Un million de fleurs, 35.000 arbres: Les petites mains vertes de Disneyland Paris plantent le décor
REPORTAGE•Les 120 jardiniers du parc d’attraction font un travail de fourmi pour que chaque détail végétal soit parfait…Audrey Chauvet
A l’heure où la Belle au bois dormant ronfle encore, des dizaines de petites mains s’activent au pied de son château : ils taillent les haies et les arbustes, remplacent le gazon abimé, changent les fleurs. Entre 5h30 et 9h du matin, les quelques 120 jardiniers du parc Disneyland Paris doivent s’assurer que le décor est parfait pour les prochains visiteurs. « Il y a toujours quelque chose à faire, même en plein hiver », explique Pierrick Paillard, manager horticulture à Disneyland Paris.

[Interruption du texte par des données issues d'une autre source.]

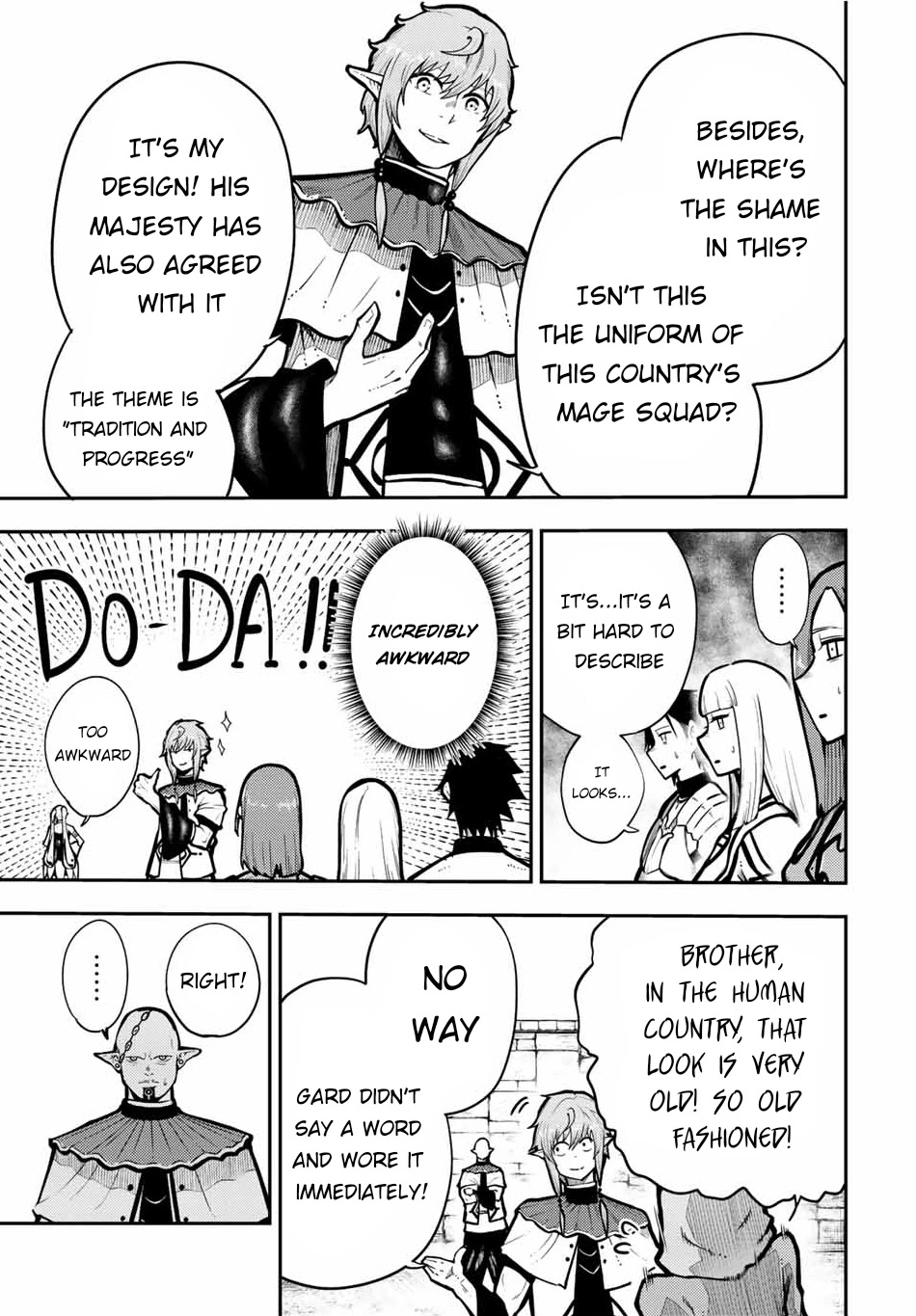 Dorei Tensei: Sono Dorei, Saikyou no Moto Ouji ni Tsuki Chapter 86 page 14 - Chapter 86: Slave, Returning to the Second Homeland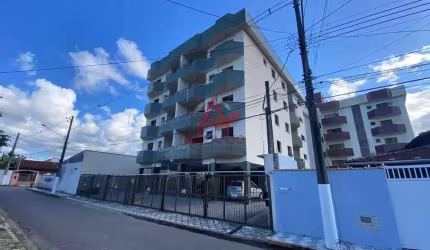 APARTAMENTO COM 3 DORMITÓRIOS NO CENTRO DE UBATUBA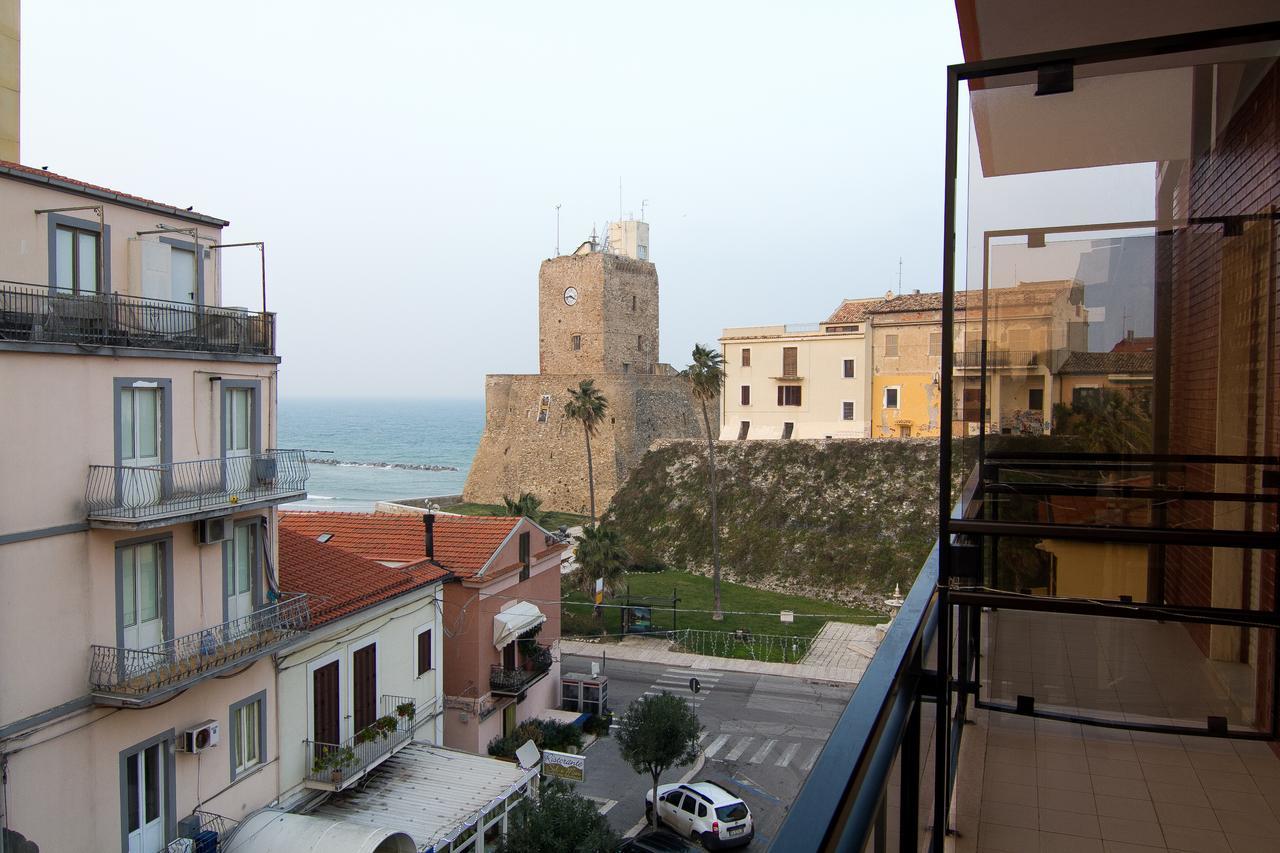 Pensione Al Pescatore Termoli Kültér fotó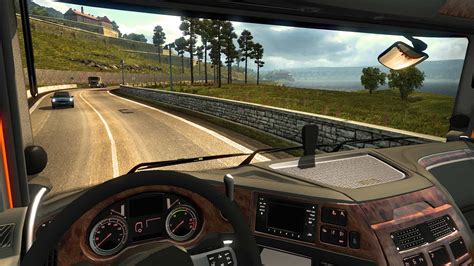 Euro Truck Simulator 2 Download Kostenlos Frei - SpielenPC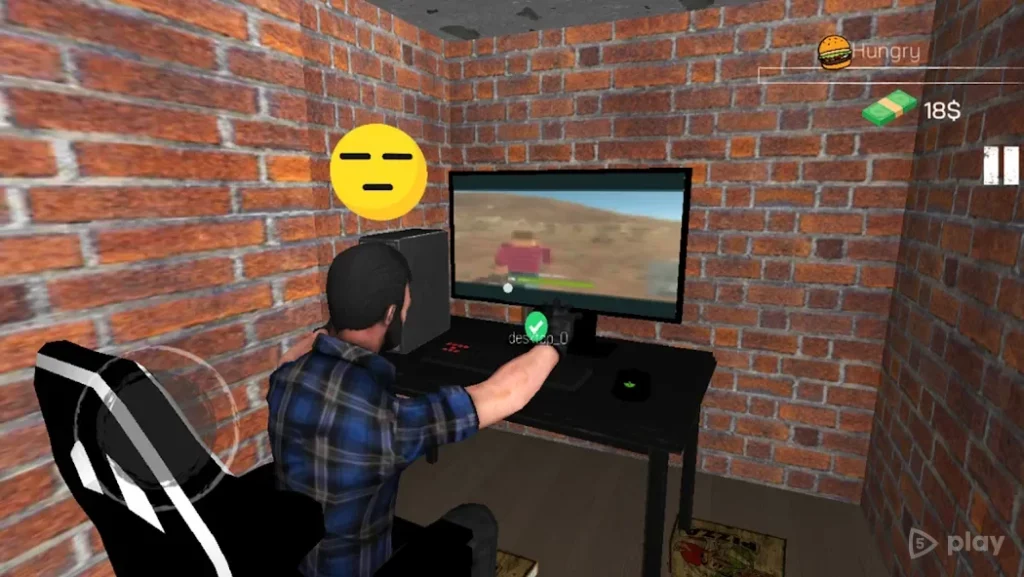 Internet Cafe Simulator screenshot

Et pour cause : le parc compte 300 hectares d’espaces verts (soit 430 terrains de foot), 6.000 km de tuyaux d’irrigation, 35.000 arbres, plusieurs centaines de milliers d’arbustes, et on y plante un million de fleurs par an.
A Disneyland, « le végétal raconte une histoire », poursuit Pierrick Paillard. Le thème de chaque partie du parc doit se refléter dans la végétation, comme le voulait Bill Evans, le jardinier personnel de Walt Disney : « Nous sommes des jardiniers du spectacle », sourit Luc Béhar-Bannelier, directeur du service Nature et environnement.
Planter le décor
Pour que la magie opère, chaque détail a été mûrement réfléchi. Par exemple, 300 à 500 arbres devenus trop haut sont changés chaque année pour « ne pas masquer l’architecture, les attractions, les panneaux… », énumère Pierrick Paillard. Les retraités sont transplantés autour des hôtels ou broyés pour fabriquer du paillage, tandis que ceux qui les remplacent arrivent au parc à la taille voulue, en provenance de producteurs allemands ou européens.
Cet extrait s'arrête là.